H. Dobal é autor dentre outros livros de O tempo consequente, com o qual iniciou a trajetória literária em livro, em 1966. Escrevendo sobre a poesia de H. Dobal assim se expressou o escritor Salgado Maranhão: "Dobal canta a vida miúda do ''homem sóbrio/ e seus dias de mau viver''. O homem arraigado à terra e aos bichos que lhe são parte. Lança luzes sobre essas microvidas enraizadas na terra seca, realçando a dimensão lírica de suas pequenas existências perdidas num espaço e num tempo tão deslocado que realçá-las é quase uma construção da memória.

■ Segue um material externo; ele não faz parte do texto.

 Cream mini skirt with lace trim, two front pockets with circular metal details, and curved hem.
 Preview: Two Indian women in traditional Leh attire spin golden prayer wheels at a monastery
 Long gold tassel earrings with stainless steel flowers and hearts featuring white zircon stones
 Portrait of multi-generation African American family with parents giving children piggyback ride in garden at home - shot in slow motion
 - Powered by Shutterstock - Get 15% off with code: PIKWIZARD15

Mas não as regionaliza, nem dramatiza a sua dor. Ao contrário, dá relevo ao prosaico dessas vidas sem registros que, de tanto abandono, perderam o sentido da urgência e acomodam com humor suas agruras, a rir de si próprias. O poeta constrói uma paisagem verbal telúrica em cuja capilaridade vão se corporificando as anônimas vivências de sua aldeia, numa plasticidade sintática palatável. Com total domínio de sua arte, estampa o hoje, sem datá-lo.

 

Um comboio de palavras substantivas alista-se ao seu discurso poético, tais como: bois, carnaúba, cabras e Parnaíba, formando uma tessitura de encantamento sem jamais cair no lirismo vazio ou decorativo. Sem dúvida há concisão e sobriedade nessa poética, mas nunca secura. Mais que isso, há um frescor de aridez com cacimbas, uma dor que ri na voz desse que é um dos quatro (ou cinco) maiores poetas vivos do Brasil, país que não pode se dar ao luxo de desconhecê-lo."

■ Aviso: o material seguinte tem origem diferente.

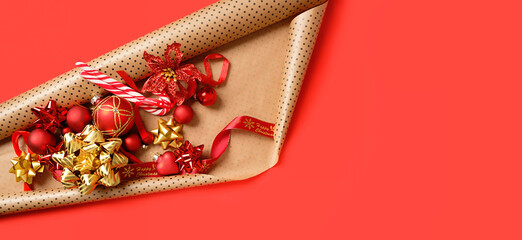 Wall Mural - Christmas decorations, glass balls, ribbons, bows, candy canes, roll of wrapping paper on red background. New Year, Christmas holidays. festive winter season concept. top view. banner. copy space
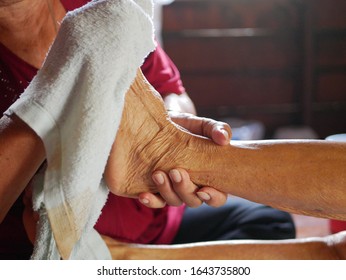 Hands of a woman holding an older person's feet, while gently wiping / cleaning it with a wet washcloth - giving an elderly a bed bath at home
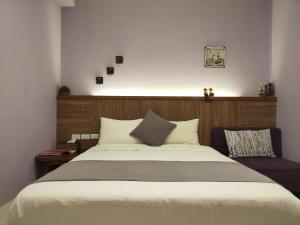 罗东镇米希格民宿的一间卧室配有一张大床和木制床头板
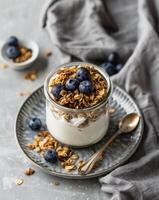 Glass Jar Filled With Granola and Blueberries photo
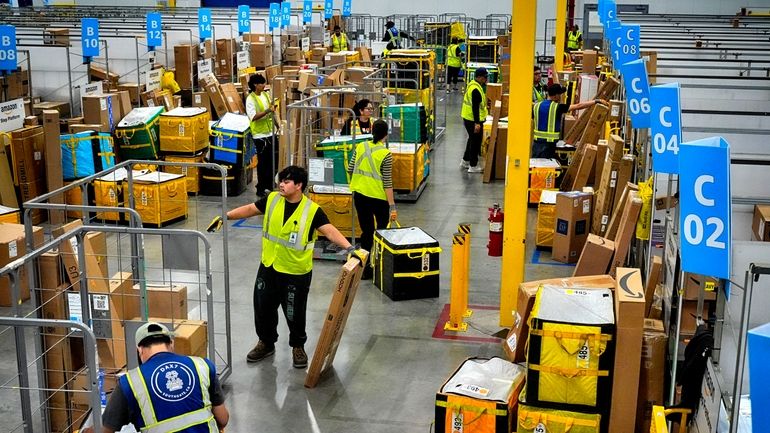 Amazon employees load packages on carts before being put on...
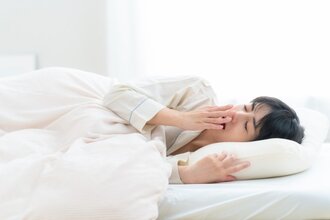 ベッドの中で目覚めた若い女性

Saiba mais sobre a trajetória de obra de Dobal

1927 - Nasce a 17 de outubro de 1927 em Teresina, Piauí, Hindemburgo Dobal Teixeira, filho do agrimensor Mário Dobal Teixeira e da professora Rosila de Sousa Dobal Teixeira.

1934 - Matriculado no grupo escolar José Lopes, inicia o primário tendo a própria mãe, Rosila, como professora.

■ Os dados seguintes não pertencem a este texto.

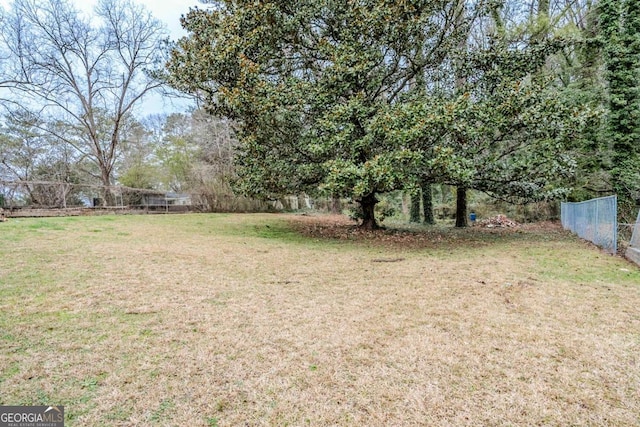 view of yard featuring fence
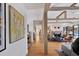 Open hallway featuring hardwood floors and views of the living room with vaulted ceilings at 1610 S Lake Shore Dr, Sarasota, FL 34231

1941 - Estudos secundário e clássico no Liceu Piauiense. Durante o período conhece M.Paulo Nunes e O.G. Rego de Carvalho.

1948 - Ingressa na Faculdade de Direito do Piauí onde em companhia de Manoel Paulo Nunes e O.G. Rego de Carvalho, organiza o grupo literário Meridiano. Eleito representante da Faculdade no XI Congresso Nacional de Estudantes (UNE).

1949 - Publica em parceria com O.G. Rego de Carvalho e M.Paulo Nunes a revista Meridiano. O primeiro número sai em outubro; o segundo em dezembro.

1950/1951 - Em setembro de 1950 sai o terceiro número da revista Meridiano. Levado por Clidenor Freitas, Mário Faustino vai à casa de H.Dobal. Mário residiu provisoriamente por um ano em Teresina. Em carta ao amigo Benedito Nunes, Faustino relata haver "um rapaz que escreve uns belos poemas, muito simples[...] traduz otimamente ingleses e americanos (inclusive Eliot, cummings)[...] queria que visse a biblioteca dele. Tem e lê o que há de mais moderno em criação e crítica". Nesta época Dobal contava entre 23 e 24 anos, e Faustino entre 20 e 21.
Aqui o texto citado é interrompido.